__ASSIGNMENT__
Leaving out pictures, output exactly the lines below from the one that has "Casinha de passarinho" through the one that has "blurred background Pov", and nothing else.

__SUPPLIED RECORDS__
□ □ □ □

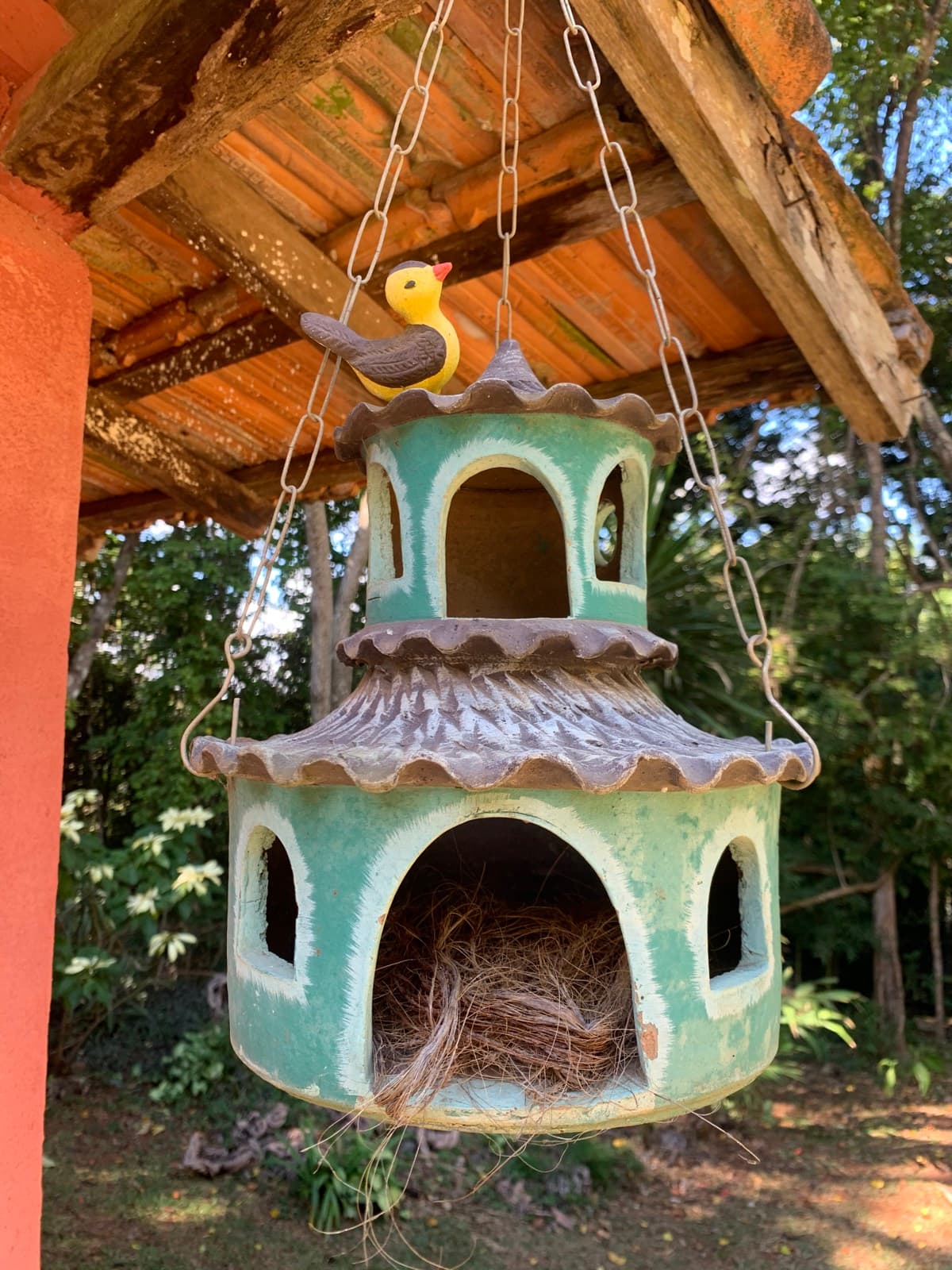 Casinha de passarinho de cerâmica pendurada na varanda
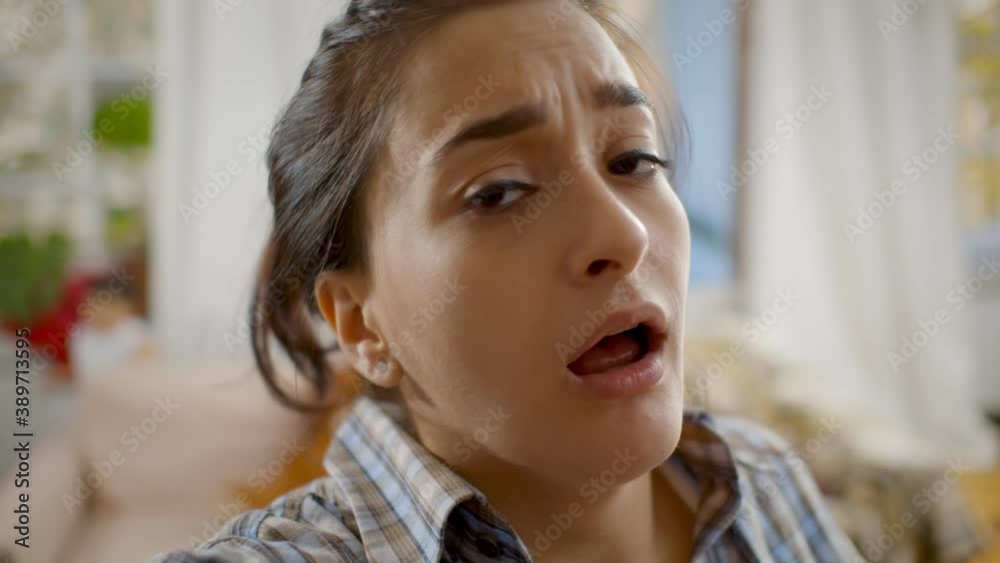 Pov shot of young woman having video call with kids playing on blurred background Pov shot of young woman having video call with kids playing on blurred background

□ □ □ □

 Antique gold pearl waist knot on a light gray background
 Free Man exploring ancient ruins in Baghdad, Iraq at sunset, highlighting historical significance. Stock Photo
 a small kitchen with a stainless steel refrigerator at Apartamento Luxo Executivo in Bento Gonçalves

□ □ □ □

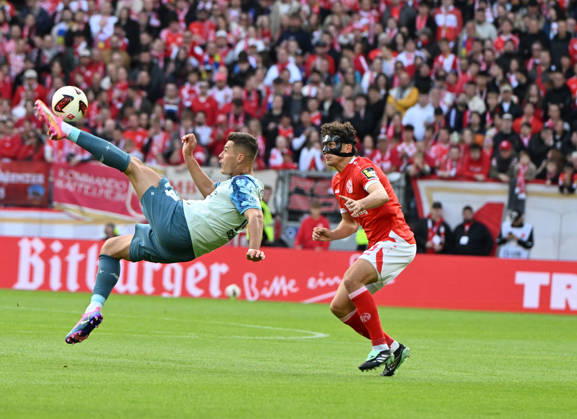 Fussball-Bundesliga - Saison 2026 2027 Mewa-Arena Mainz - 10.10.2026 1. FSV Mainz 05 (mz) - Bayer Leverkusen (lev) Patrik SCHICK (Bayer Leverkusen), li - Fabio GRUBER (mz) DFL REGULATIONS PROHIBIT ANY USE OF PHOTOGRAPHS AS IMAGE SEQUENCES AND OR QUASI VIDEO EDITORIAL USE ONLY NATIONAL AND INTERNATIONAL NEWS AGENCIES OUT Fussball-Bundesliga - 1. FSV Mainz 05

□ □ □ □

__OUTPUT OF THE TASK__
 Casinha de passarinho de cerâmica pendurada na varanda
 Pov shot of young woman having video call with kids playing on blurred background Pov shot of young woman having video call with kids playing on blurred background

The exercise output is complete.